Instabilities and onset in double-diffusive and long-wavelength Marangoni convection

This thesis is devoted to studying two topics in convection: isothermal double diffusive and long-wavelength surface-tension-driven convection. The following studies are conducted in these systems: (a) Amplitude equations are derived for isothermal double diffusive convection near threshold for both the stationary and the oscillatory instabilities as well as in the vicinity of the codimension-2 point. The locations of the tricritical point for the stationary instability and the codimension-2 point are found.

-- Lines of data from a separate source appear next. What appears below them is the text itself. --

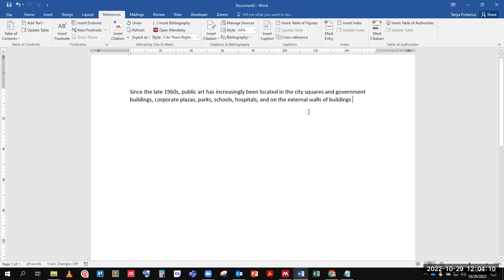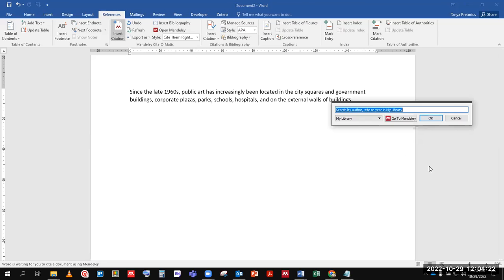When you want to add a citation to your Word document using Word on desktop, put your cursor where you want the citation to appear and press Insert Citation.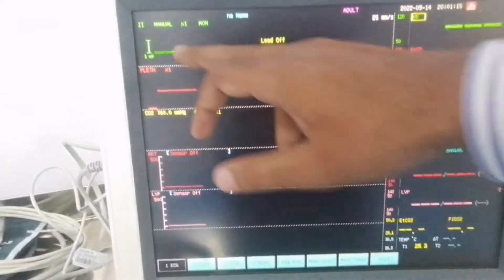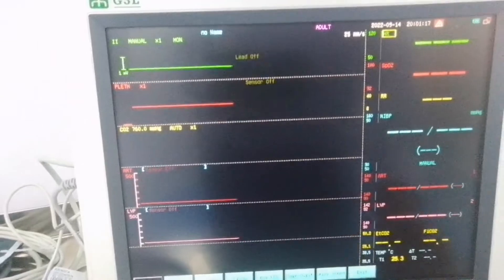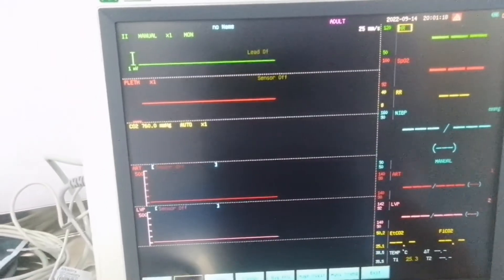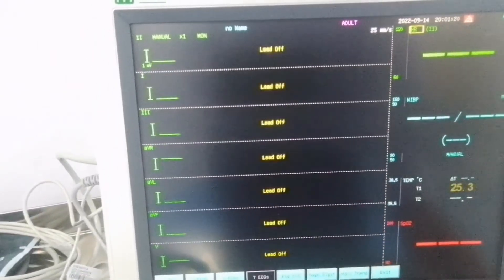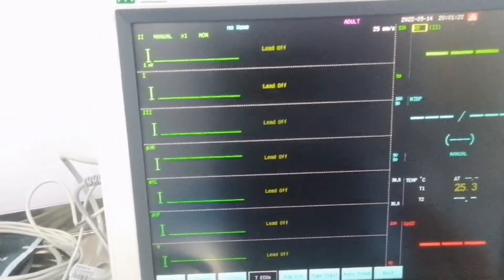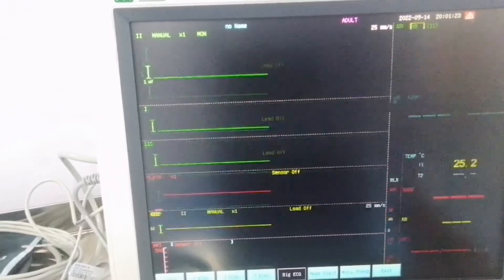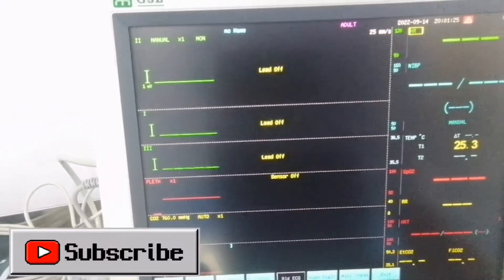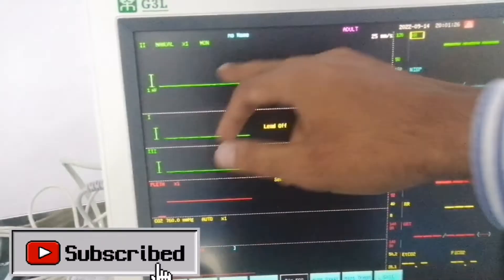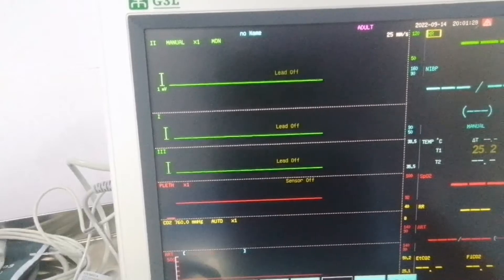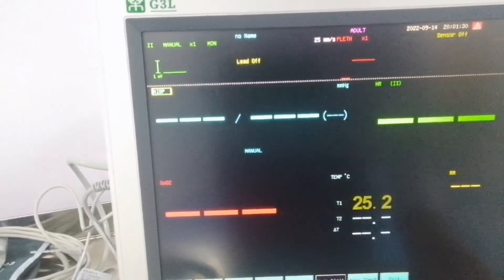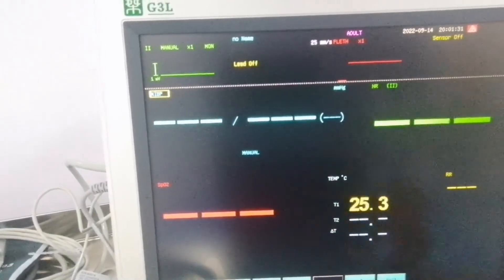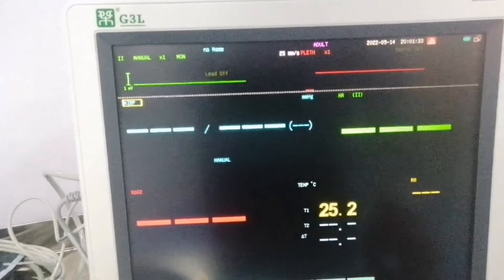So the 1 waveform is on the main screen. If I go to 7 ECG, the 7 ECG is on the main screen. Same if I press big ECG. So one waveform is big and the other ones will be small.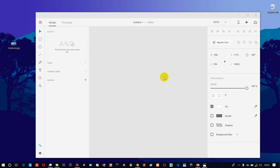Hello friends, welcome to Tamilak. In this video, we will talk about a cool login page screen. If we create an Android app, we will see a login page. So, we will talk about the login page.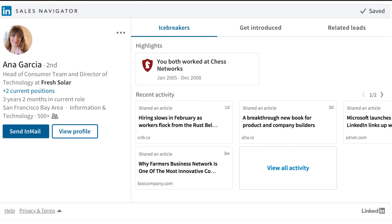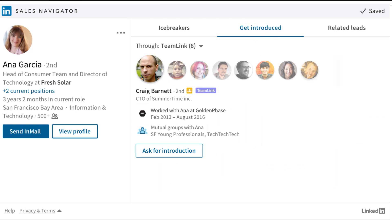Icebreakers bring insights about your leads, including commonalities you share to help you prepare for calls. Recent activity includes shared and published articles, mentions in the news, and job changes, which are all great talking points to start a conversation.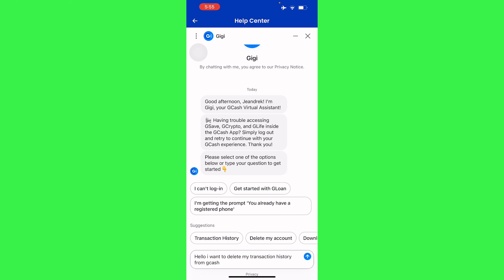And there you go, guys — that is how you delete your GCash transaction history. If this video was helpful, please hit the Like button and don't forget to subscribe.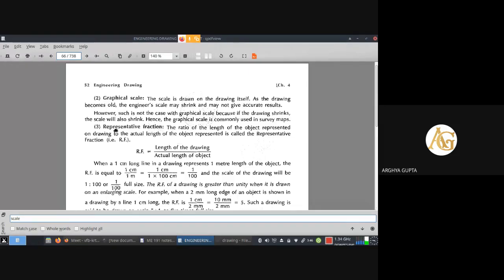Now let us move to a numerical. This formula will be required to solve any numericals on scale, as it has already been covered in a previous video where the same formula was used.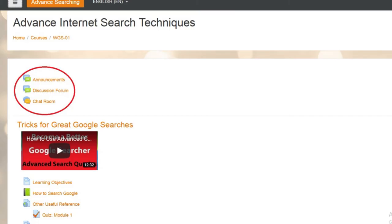This course has a discussion forum and a chat facility. In case you have any doubts, you can use these facilities and the online experts will resolve your queries. By the end of this course you will be able to search using Google search perfectly and save your time. I hope you will enjoy this course and benefit from it. Good luck.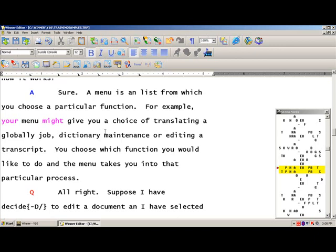So, if you want to use the misstroke dictionary, which I highly recommend, you now know how to set it up. Thank you very much, and that concludes the setting up of your misstroke dictionary.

It is shown that these points can be made well separated (in the Rayleigh number R_s of the slow diffusing species) as the Lewis number varies. Hence the behavior near these points should be experimentally accessible. (b) Recent experimental results [J. Fluid Mech. 345, 45 (1997)] for the long-wavelength surface-tension-driven convection in thin liquid depths (∼0.015 cm) found onset for significantly smaller imposed temperature gradients than predicted by linear stability analyses that assume an initially flat interface with periodic boundary conditions. The presence of sidewall and other aspects of the experiment, however, led to deformed interfaces even with no imposed temperature gradients. Stability analysis that takes into account the effects of the deformed interface profile and the pinning of the liquid at the sidewalls is presented here. A comparison between this stability analysis and the experimental results shows a better agreement than when the surface deformation is not considered.